Data Start Marker
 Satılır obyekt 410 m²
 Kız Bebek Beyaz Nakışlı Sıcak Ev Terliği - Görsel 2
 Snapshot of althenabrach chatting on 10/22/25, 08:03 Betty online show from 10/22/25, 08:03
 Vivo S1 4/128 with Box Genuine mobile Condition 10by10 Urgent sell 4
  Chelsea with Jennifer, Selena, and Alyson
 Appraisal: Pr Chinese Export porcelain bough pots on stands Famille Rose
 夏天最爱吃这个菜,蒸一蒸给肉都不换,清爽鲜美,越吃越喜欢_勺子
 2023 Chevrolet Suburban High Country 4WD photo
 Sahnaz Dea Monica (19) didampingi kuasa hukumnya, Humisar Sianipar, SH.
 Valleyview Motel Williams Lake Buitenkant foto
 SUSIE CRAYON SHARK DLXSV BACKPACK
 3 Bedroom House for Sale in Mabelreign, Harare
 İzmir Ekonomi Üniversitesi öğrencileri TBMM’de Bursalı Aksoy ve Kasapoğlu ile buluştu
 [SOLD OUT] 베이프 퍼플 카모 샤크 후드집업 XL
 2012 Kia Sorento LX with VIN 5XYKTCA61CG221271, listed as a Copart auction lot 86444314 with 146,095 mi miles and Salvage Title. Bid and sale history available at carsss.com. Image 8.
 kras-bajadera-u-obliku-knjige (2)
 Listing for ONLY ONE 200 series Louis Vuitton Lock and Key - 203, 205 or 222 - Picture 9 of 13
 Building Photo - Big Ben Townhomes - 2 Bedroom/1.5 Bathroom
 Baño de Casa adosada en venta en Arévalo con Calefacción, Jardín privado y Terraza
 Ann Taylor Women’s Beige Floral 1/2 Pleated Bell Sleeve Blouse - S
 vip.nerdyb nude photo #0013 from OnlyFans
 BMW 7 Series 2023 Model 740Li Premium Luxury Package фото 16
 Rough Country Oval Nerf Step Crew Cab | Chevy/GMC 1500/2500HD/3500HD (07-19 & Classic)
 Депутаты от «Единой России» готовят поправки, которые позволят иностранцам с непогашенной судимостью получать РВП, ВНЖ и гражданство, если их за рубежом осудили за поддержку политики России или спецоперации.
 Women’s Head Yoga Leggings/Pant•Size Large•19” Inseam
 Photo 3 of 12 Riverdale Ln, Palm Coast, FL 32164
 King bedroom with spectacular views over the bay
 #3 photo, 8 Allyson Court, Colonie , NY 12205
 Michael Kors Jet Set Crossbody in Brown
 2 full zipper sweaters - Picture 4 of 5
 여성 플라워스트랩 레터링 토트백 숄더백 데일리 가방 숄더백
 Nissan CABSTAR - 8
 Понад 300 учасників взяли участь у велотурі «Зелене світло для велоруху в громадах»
Data End Marker
◆ **Your instructions**: Scan the material for "Country" and copy the lines that hold it.

◆ **Solution below**:
 2023 Chevrolet Suburban High Country 4WD photo
 Rough Country Oval Nerf Step Crew Cab | Chevy/GMC 1500/2500HD/3500HD (07-19 & Classic)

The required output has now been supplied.